I flicked through it and I thought
You must be joking
There’s a lot not to like about Vista, but 641 pages? As a Victorian child is said to have opined about a book on the topic of penguins
This tells me more than I care to know about penguins
Which is why some Brits of my past acquaintance muttered “penguins” instead of saying, as Americans are wont to do:
Too much information!
Suffice it to say, Vista is deservedly slammed. Though the irony of 641 pages being needed is pointed up by the typical Slashdot witticism that it was a miracle that so few were needed.
A Slashdot reader points to vlite.net, which I didn’t know about. It allows you to make a custom installation without much of the bloatware. If you use Vista that little tip is probably a better investment than the book.
The Ubuntu books were, if anything, worse. Bigger and more out of date. Are these books for people without Internet connections? Or brains? Or for use as doorstops? I don’t get it. I doubt Mr.O’Reilly has space in his Annoyances franchise for an O’Reilly Annoyances tome.
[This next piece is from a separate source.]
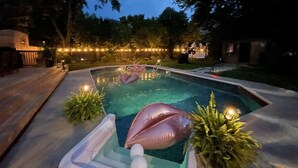 Une piscine extérieure avec des jeux gonflables, entourée d’une terrasse en bois et agrémentée de plantes en pot.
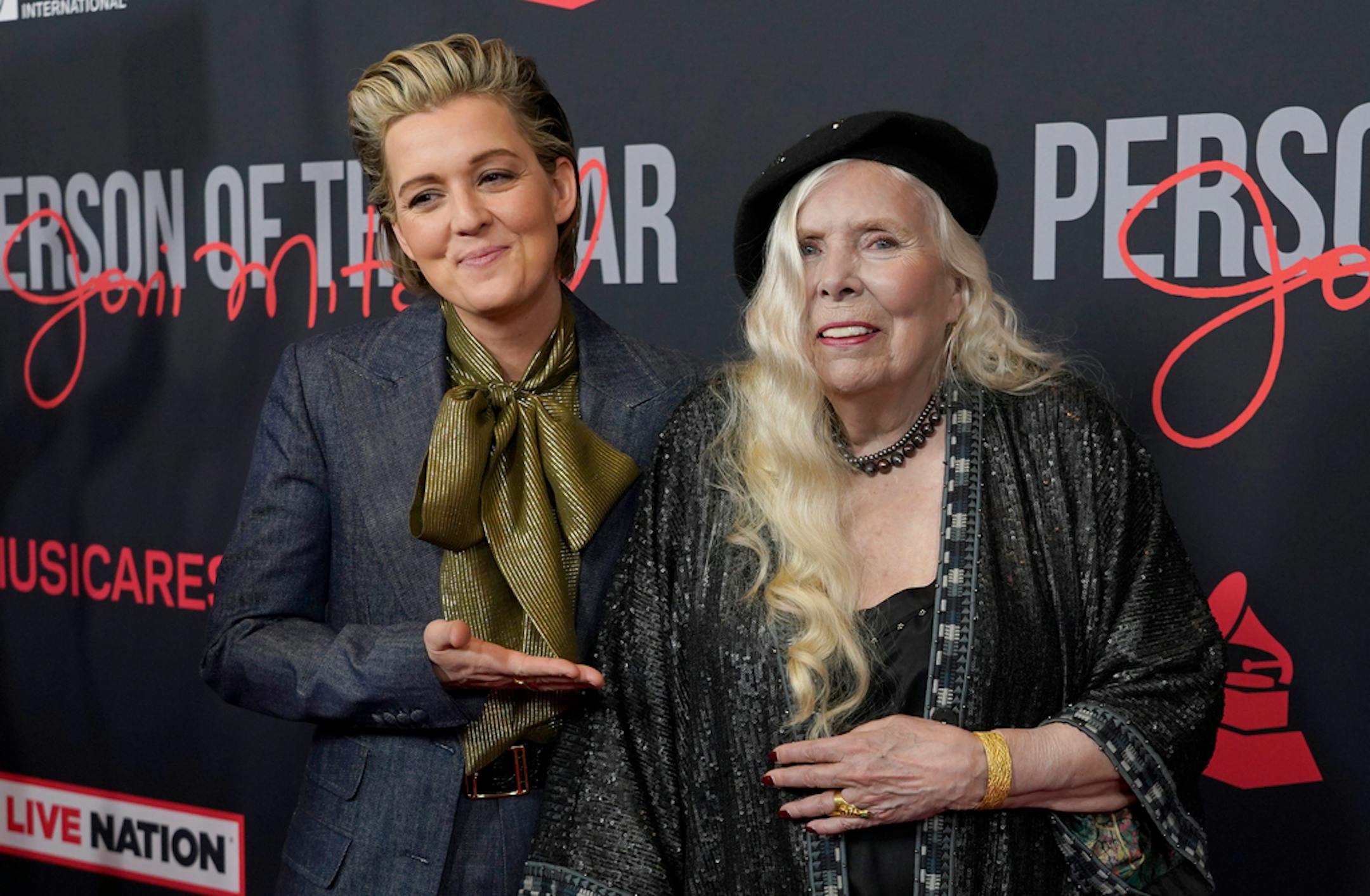 Brandi Carlile, left, and Joni Mitchell arrive at the 31st annual MusiCares Person of the Year benefit gala honoring Mitchell on Friday, April 1, 2022, at the MGM Grand Conference Center in Las Vegas. (AP Photo/Chris Pizzello)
I’m reading Andrew Keen’s The Cult of the Amateur at the moment (or, everything is going to hell because of the Internet). It begins with an account of the author finding himself observing instead of participating at an O’Reilly schmoozefest (on steroids). Inevitably, I recalled some of the rather droll observation of the original dot com boom by Michael Wolff. Wolff didn’t take himself or the goings on around him seriously. Keen has a point, or ten, but I’ll be disappointed if it’s just a Jeremiad.
I’m reading it alongside Wikinomics: How Mass Collaboration Changes Everything, just to balance things out a bit. A pantomime isn’t a panto after all without both the
Oh, Yes it is!
and
Oh, No it isn’t!
mass collaborations.
Laurence Lessig’s take on Keen’s book hits the right note for me, though I didn’t come across until just now.
I also bought A Perfect Mess: The Hidden Benefits of Disorder, Fooled by Randomness: The Hidden Role of Chance in Life and in the Markets, and a few others.
I went to buy one book — which I didn’t find — and I came home with a stack. Randomness and disorder right there. Every January I mean to record my reading for the year and I never keep it up for very long. I’ve reproached myself about my lack of order often enough that the idea of it being in any way a good thing is something I have to read, even if it’s the purest snake oil. (Click here if you’ve ever wondered where that term came from; I just did).
Meanwhile, a little web research persuaded me that a tool called iRecover would be a good bet to automatically recover my Vista hard drive with the deleted partition. In a market with plenty of snake oil products for sale it was nice to find something that worked perfectly and, in this case, at no cost. If I were still an IT manager I’d buy a copy automatically.
Finally, Benjamin Black has proven a more than worthy successor to Ian Rankin on the bedside table. He may prove a little too black in the end, but not yet.